Livy, the Preface to Ab urbe condita

That I am to create a work worthy of its labor by authoring the affairs of the Roman people from the city’s origin in writing, I do not for sure know; and if I were certain, I would dare not say since I see it certainly is a matter of tradition as (such a common one, at that) innovating writers are forever proclaiming their belief they will either contribute something more accurate in their facts, or surpass common tradition in the authorial art. However that will be must still aid the memory of events accomplished—that of the earth’s foremost people—to what extent is possible, and to consider it to decision; and if my reputation’s name might be inaudible amidst so great a writing crowd, on account of their excellence or number’s size, let me take comfort in their obscuring of my fame. The matter is, in addition, of quite the effort as would seek to revisit beyond some seventh century which has ended from the humble beginnings where the state was born that now labors so doggedly; and I do not doubt that, for many readers, the earliest origins and subsequent events revealing them would be less enjoyable for those eager to skip ahead to recent parts where the very strength of so dominant a people prepares its wearing out: Against this, a reward for effort I shall seek that I may turn away from the sight of evils which our time has looked upon so many years, through such times and acts as these I do truly seek as now the past entire with my mind, so free from worry which might, if not quite ply an author’s intention from truth, could still leave one troubled.

Matters before the founding of the city or its development are related more as the embellishments of poetic tales than handed down the untainted memorials of events achieved; there is no intention willing either to confirm or disprove these things. This, the indulgence granted to the distant past so that it, in intermingling human affairs with matters divine first at the origin of settlements, might make them all the more majestic; and if permitting a people is fit to deify their their own ancestry’s beginnings, the batte-won reknown of the Roman people is such that, since it is said their own father, and that of the founder himself, is a most potent God of War, so also do humankind’s peoples support this race with patience much as they suffer sovereignty. But however it is these facts and matters like them have been observed in judgment, let me not (for my own part) frame them with a great degree of difference: Towards these of my concerns, each person should consider for onself what their life and habits were, through what men and the arts by which—domestic and in war—their dominion both was created and did grow; then bit by bit, with their habit of knowledge falling off, discipline followed behind deteriorating character next as they went farther, further wrong then began to topple down unto these times there arrive neither the capacity to permit our faults nor endure their remedy.

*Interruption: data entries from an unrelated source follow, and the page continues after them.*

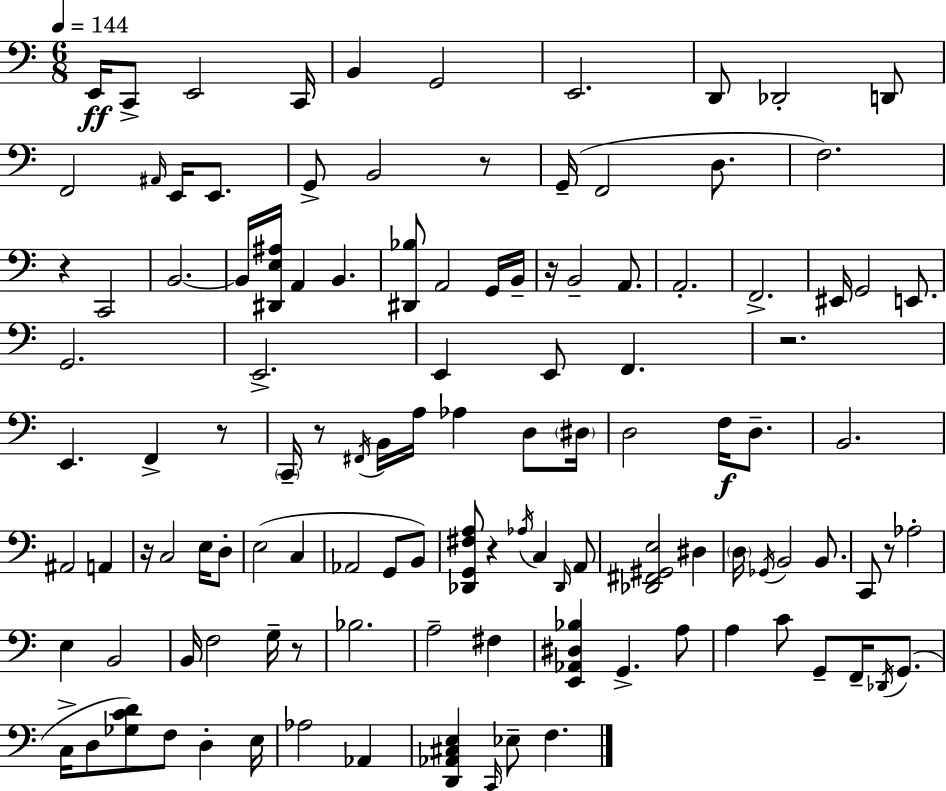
{
  \clef bass
  \numericTimeSignature
  \time 6/8
  \key c \major
  \tempo 4 = 144
  e,16\ff c,8-> e,2 c,16 | b,4 g,2 | e,2. | d,8 des,2-. d,8 | \break f,2 \grace { ais,16 } e,16 e,8. | g,8-> b,2 r8 | g,16--( f,2 d8. | f2.) | \break r4 c,2 | b,2.~~ | b,16 <dis, e ais>16 a,4 b,4. | <dis, bes>8 a,2 g,16 | \break b,16-- r16 b,2-- a,8. | a,2.-. | f,2.-> | eis,16 g,2 e,8. | \break g,2. | e,2.-> | e,4 e,8 f,4. | r2. | \break e,4. f,4-> r8 | \parenthesize c,16-- r8 \acciaccatura { fis,16 } b,16 a16 aes4 d8 | \parenthesize dis16 d2 f16\f d8.-- | b,2. | \break ais,2 a,4 | r16 c2 e16 | d8-. e2( c4 | aes,2 g,8 | \break b,8) <des, g, fis a>8 r4 \acciaccatura { aes16 } c4 | \grace { des,16 } a,8 <des, fis, gis, e>2 | dis4 \parenthesize d16 \acciaccatura { ges,16 } b,2 | b,8. c,8 r8 aes2-. | \break e4 b,2 | b,16 f2 | g16-- r8 bes2. | a2-- | \break fis4 <e, aes, dis bes>4 g,4.-> | a8 a4 c'8 g,8-- | f,16-- \acciaccatura { des,16 } g,8.( c16-> d8 <ges c' d'>8) f8 | d4-. e16 aes2 | \break aes,4 <d, aes, cis e>4 \grace { c,16 } ees8-- | f4. \bar "|."
}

This is that aspect—in acquiring knowledge of events—well-known as beneficial and productive. For you to look upon the documented evidence of every instance set down in an illustrious monument; from there might you take for yourself and own country something to imitate, then some example equally destructive, in the inception as its execution, which you should avoid. Still, either a passion for the occupation already undertaken betrays me, or no people’s state has ever been greater or more venerable, even richer for its instructive examples—but neither have greed and wastefulness relocated so lately to a state, nor has there been a place where such dignity has been so long-standing respect for modest self-control: To such extent, the less there were of possessions, by that much less desired.

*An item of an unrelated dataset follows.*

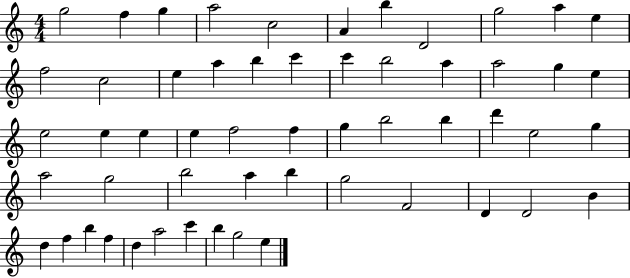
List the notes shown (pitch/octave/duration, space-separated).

G5/h F5/q G5/q A5/h C5/h A4/q B5/q D4/h G5/h A5/q E5/q F5/h C5/h E5/q A5/q B5/q C6/q C6/q B5/h A5/q A5/h G5/q E5/q E5/h E5/q E5/q E5/q F5/h F5/q G5/q B5/h B5/q D6/q E5/h G5/q A5/h G5/h B5/h A5/q B5/q G5/h F4/h D4/q D4/h B4/q D5/q F5/q B5/q F5/q D5/q A5/h C6/q B5/q G5/h E5/q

Of late, greed for wealth and pleasures too excessively desirous, through their mollifying lust of wasteful ruin and loss, have assailed everything. But charges should be absent from the outset of so assuredly weighty a matter at its inception so that criticisms which will certainly be less than pleasing, though these might perhaps be necessary: With more propitious signs and offerings, prayers to the gods and goddesses—if the custom for poets become also ours,—would we set out a bit more as I will so that my words might deliver fortunate advances to labor freely with such magnitude begun.